The Dodd-Frank financial reform law requires corporations to disclose the difference between the pay received by their CEO and the median income of all other employees, and the SEC is currently finalizing the regulations that will determine how this reporting is to be done. It has also announced that it will release rules by the end of the year requiring corporations to report on the relationship between senior executive compensation and corporate performance.
While these rules may sound obscure and largely symbolic, here are five reasons they should be receiving wider attention -- followed by five ways this kind of information can be used to improve economic policy:
1. Inequality is reaching crisis levels in our country.

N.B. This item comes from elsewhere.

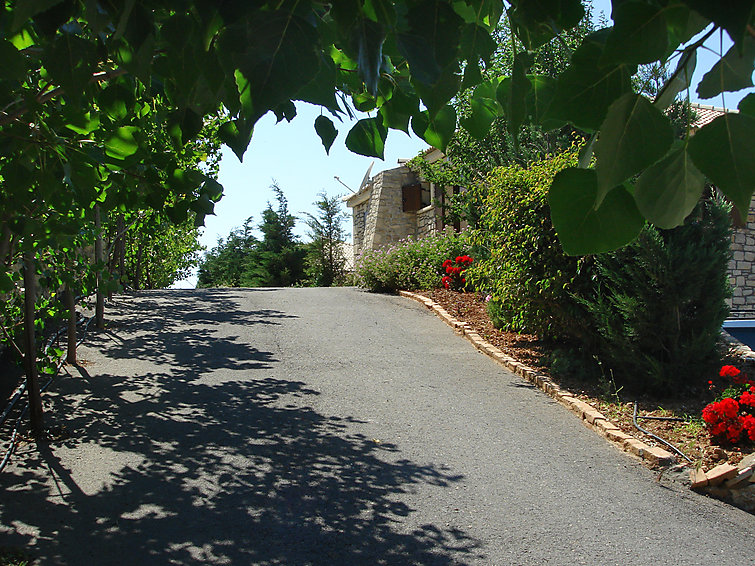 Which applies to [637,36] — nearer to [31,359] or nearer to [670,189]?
[670,189]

The Census Bureau reports that income inequality between the richest and poorest Americans has reached historic levels. The chief economist at J.P. Morgan Chase reports that "U.S. labor compensation is now at a 50-year low relative to both company sales and U.S. GDP."
More than 46 million Americans live below the poverty line. Millions of Americans who work full-time for highly profitable corporations are nevertheless being forced onto government anti-poverty programs in order to make ends meet.
Income inequality is the highest it's been since 1928. Wages have fallen for most Americans in real terms over a period of decades, while income has skyrocketed for the top 1 percent, risen even more the top 0.1 percent, and exploded even more for the top 0.01 percent.
No wonder Thomas Piketty's book on wealth inequality was a bestseller.
CEO pay, along with that of other senior executives, is a major contributor to this inequality. We need to know more about this phenomenon: Which companies are overpaying their CEOs? How are they performing in the marketplace? How responsibly are those companies being managed?
2. Productivity gains are going to the top, threatening the middle class way of life.
In the 30 years after World War II -- the period of our greatest modern growth and prosperity -- wages grew in line with productivity increases. Then that changed, as corporate governance practices and an increasingly conservative political climate led to a severance between output and the earnings of corporate employees.
Executive compensation plays a large role in this rupture between what people earn and the rate at which the overall economy is becoming more productive.
3. Contrary to conservative mythology, CEOs are not "getting paid what they deserve."
There is a right-wing myth that says that CEOs are giants who walk among us. If they receive enormous sums in compensation, says the myth, it's because they are "job creators" who drive the economy for the rest of us.
This is nonsense, born of the addled fictional works of Ayn Rand and her ilk. Sure, there have been CEOs who change the world with their brilliance and drive. But nowadays there is very little relationship between CEO accomplishment and CEO pay. Studies have suggested, in fact, that there may be no relationship between them at all.